Monsieur le président, madame la secrétaire d’État, madame la rapporteure, mes chers collègues, je souhaite tout d’abord prendre un instant pour adresser, au nom de mon groupe, une pensée attristée à la famille de Marc Laycuras, médecin militaire, qui vient de perdre la vie au Mali. Nos condoléances vont également à ses frères d’armes qui poursuivent un difficile combat contre le terrorisme islamiste dans la bande sahélo-saharienne.
De même, je tiens à rendre hommage aux associations d’anciens combattants, tant pour leur travail patient auprès de ceux qui ont payé un lourd tribut à la Nation que pour leur contribution au devoir d’histoire et de mémoire.
C’est une évidence, ces associations participent à la transmission de la mémoire et des valeurs de notre pays. À l’échelle de nos territoires, elles œuvrent en faveur d’un maillage de la perpétuation du souvenir.
Je veux remercier à mon tour François Férat et Élisabeth Doineau pour leurs travaux et leur capacité d’écoute. Beaucoup d’entre nous ont été sollicités à propos des difficultés relatives à la protection des drapeaux d’associations d’anciens combattants. Rappelons que ce sont des objets mémoriels uniques. En tant que représentants des territoires, nous ne pouvons qu’y être très attachés, car ils sont porteurs d’une valeur symbolique très forte. Emblèmes de la Nation française, ils témoignent de l’engagement patriotique des territoires composant la France qui ont participé aux épreuves de la guerre et à la défense de notre pays.
Cependant, beaucoup d’associations d’anciens combattants sont dissoutes du fait de la disparition de leurs membres, qui, ne l’oublions pas, étaient autant de délégués précieux et directs de cette mémoire dont la transmission doit être assurée.

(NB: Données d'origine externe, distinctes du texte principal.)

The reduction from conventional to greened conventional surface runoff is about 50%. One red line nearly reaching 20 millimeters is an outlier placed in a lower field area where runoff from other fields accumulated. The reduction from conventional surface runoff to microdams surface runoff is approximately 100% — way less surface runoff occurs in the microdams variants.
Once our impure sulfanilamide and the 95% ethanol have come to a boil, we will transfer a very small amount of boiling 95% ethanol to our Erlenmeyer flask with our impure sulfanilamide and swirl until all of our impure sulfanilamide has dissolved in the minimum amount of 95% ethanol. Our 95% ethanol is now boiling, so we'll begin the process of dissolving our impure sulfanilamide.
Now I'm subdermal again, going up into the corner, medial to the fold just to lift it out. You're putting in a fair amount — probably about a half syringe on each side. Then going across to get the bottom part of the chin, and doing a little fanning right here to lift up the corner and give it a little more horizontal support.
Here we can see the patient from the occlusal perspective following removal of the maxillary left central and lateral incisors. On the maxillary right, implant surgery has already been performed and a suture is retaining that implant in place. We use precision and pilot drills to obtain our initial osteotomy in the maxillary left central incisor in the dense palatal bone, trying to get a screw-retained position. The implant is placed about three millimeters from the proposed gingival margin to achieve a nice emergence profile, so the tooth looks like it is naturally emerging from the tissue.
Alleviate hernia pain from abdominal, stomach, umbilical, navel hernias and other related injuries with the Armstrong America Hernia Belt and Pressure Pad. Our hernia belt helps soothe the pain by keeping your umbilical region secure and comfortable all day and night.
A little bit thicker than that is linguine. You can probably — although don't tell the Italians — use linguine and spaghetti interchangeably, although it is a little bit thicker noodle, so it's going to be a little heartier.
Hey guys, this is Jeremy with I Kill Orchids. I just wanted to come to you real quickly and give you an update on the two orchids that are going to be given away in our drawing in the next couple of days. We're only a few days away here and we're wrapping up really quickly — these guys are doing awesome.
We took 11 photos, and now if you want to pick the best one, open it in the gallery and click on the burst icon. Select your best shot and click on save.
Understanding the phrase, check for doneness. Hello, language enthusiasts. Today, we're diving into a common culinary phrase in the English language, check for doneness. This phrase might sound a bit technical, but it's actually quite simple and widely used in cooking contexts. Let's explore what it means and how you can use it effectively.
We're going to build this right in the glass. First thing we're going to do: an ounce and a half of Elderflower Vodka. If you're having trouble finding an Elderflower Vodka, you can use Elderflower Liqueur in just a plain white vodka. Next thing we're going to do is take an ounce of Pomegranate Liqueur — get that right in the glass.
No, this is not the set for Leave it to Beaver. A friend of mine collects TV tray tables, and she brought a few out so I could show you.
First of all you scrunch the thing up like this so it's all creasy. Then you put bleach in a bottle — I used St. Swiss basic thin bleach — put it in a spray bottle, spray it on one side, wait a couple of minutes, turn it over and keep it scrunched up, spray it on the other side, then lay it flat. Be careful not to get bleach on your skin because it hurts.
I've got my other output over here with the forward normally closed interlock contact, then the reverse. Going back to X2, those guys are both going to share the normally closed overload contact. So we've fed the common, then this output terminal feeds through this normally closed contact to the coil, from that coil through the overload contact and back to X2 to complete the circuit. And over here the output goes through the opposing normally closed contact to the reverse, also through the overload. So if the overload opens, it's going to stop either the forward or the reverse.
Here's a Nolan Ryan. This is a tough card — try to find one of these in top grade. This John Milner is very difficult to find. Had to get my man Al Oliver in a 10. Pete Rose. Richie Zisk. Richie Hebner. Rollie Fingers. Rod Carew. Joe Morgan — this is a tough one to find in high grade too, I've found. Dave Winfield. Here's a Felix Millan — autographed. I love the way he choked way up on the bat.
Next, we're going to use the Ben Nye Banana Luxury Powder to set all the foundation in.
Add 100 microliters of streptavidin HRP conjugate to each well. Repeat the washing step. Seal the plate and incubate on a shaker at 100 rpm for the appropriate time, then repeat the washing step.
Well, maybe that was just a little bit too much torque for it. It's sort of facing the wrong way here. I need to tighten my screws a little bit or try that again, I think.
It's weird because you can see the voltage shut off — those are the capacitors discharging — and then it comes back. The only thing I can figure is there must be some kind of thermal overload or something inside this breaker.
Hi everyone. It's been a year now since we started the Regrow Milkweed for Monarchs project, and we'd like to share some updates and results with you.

Rien ni personne n’échappant aux outrages du temps qui emporte tout, y compris ce que les hommes peuvent avoir de plus précieux, il n’est pas surprenant que des drapeaux puissent être proposés à la vente. Cela peut apparaître comme une double offense : offense à la mémoire de ceux qui les ont portés, offense à la mémoire des anciens combattants qu’ils représentent.
Pour autant, leur vente n’est nullement illégale. Plus largement, il nous faut répondre à la question du devenir des objets mémoriels et de leur marchandisation éventuelle, qui peut parfois poser d’importants problèmes éthiques.
Pour le cas particulier des drapeaux d’associations d’anciens combattants, il revient au législateur d’organiser leur conservation dans une logique de préservation et de transmission de la mémoire, sans pour autant entraver le droit de propriété et possession, ainsi que la prescription acquisitive.
Je salue donc l’initiative de notre collègue Françoise Férat, qui nous a permis d’aborder cette question. Toutefois, interdire à son propriétaire légitime de vendre un drapeau ayant appartenu à une association d’anciens combattants serait de nature à mettre en cause le droit de propriété, droit fondamental inscrit dans notre Constitution.
De fait, nous sommes satisfaits de la solution juridique proposée par notre rapporteure. La création d’une exception au principe de la prescription acquisitive pour les associations leur permettra, d’une part, de conserver la propriété des drapeaux grâce à la présomption de propriété, et, d’autre part, de se les faire restituer gratuitement, ce qui est important, car leurs moyens sont limités.
Enfin, je salue l’alinéa relatif à la « conservation » des drapeaux en cas de dissolution des associations. Leur transmission à la commune de domiciliation permettra au territoire de conserver ce qui n’est autre qu’un témoignage de sa propre histoire. Quant à la possibilité de les confier à un établissement scolaire ou à une association, c’est également une très bonne chose, un moyen de donner une deuxième vie à ces drapeaux et, ainsi, de prolonger l’œuvre de mémoire auprès des générations suivantes.
Tout le monde souscrit, me semble-t-il, au discours prononcé par Ernest Renan à la Sorbonne en 1882, dans le contexte de la défaite de 1870 et de la perte de l’Alsace-Lorraine. On en retient généralement que « la Nation est une âme, un principe spirituel » et qu’elle se perpétue par « le consentement actuel, le désir de vivre ensemble, le plébiscite de tous les jours », mais on oublie trop souvent que Renan ajoutait que si cette âme, ce principe spirituel trouve sa force et sa légitimité dans le présent, il le trouve aussi dans le passé, ce passé qu’il qualifiait de « possession en commun d’un riche legs de souvenirs » alimenté par « la volonté de continuer à faire valoir l’héritage qu’on a reçu indivis […] lui-même constitué par le sentiment des sacrifices qu’on a faits et de ceux qu’on est disposé à faire encore. »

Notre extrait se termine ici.